▶ _Given data_
──────────

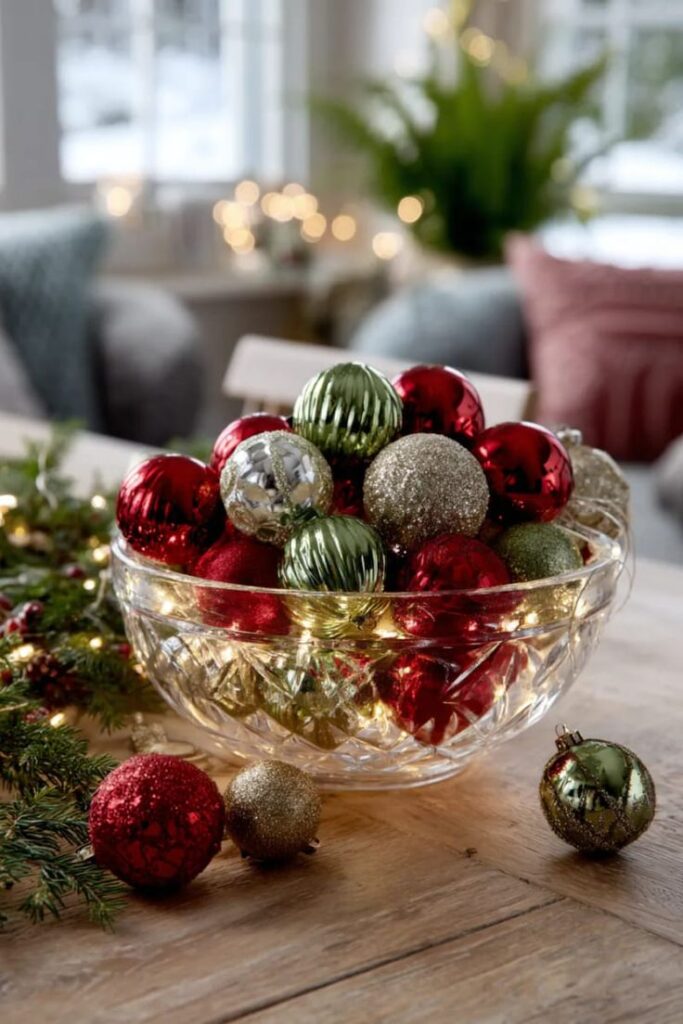 Add a Bowl of Christmas Ornaments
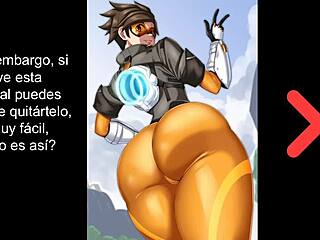 Femdom JOI: Tracer's anal play in Overwatch-themed hentai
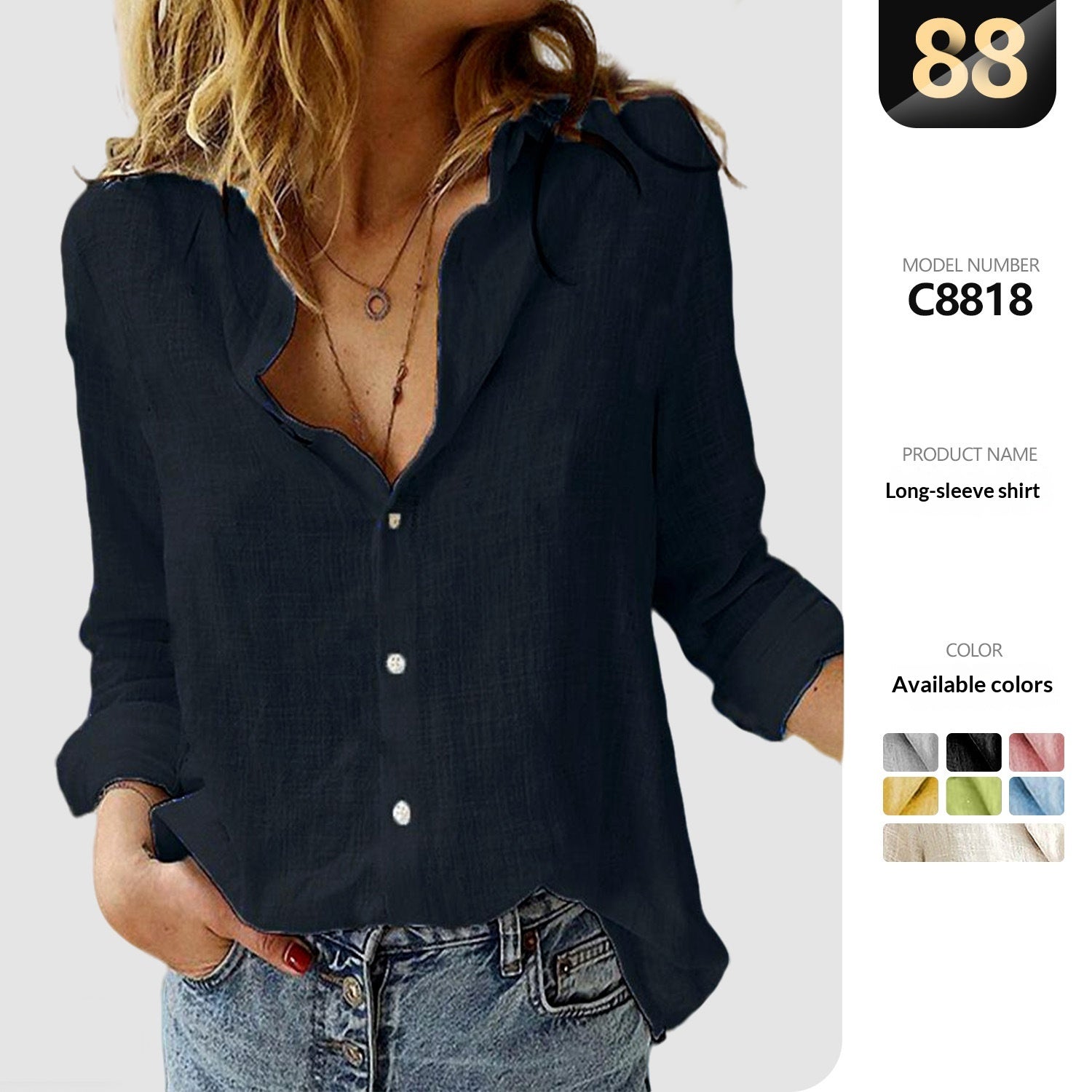 Elegantes Langarmshirt mit Knopfleiste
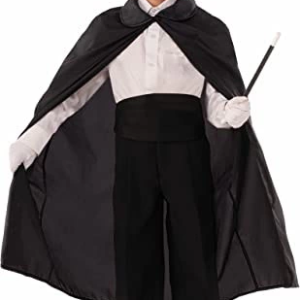 Sihirbaz Pelerini 90 cm ve Sihirbaz Şapkası Siyah Renk Çocuk Boy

──────────

▶ _Task item_
All that is needed is an exact copy of the lines from the line with "Elegantes Langarmshirt mit Knopfleiste" through the end of the listing, both ends included, with no pictures.

▶ _Task solution_
 Elegantes Langarmshirt mit Knopfleiste
 Sihirbaz Pelerini 90 cm ve Sihirbaz Şapkası Siyah Renk Çocuk Boy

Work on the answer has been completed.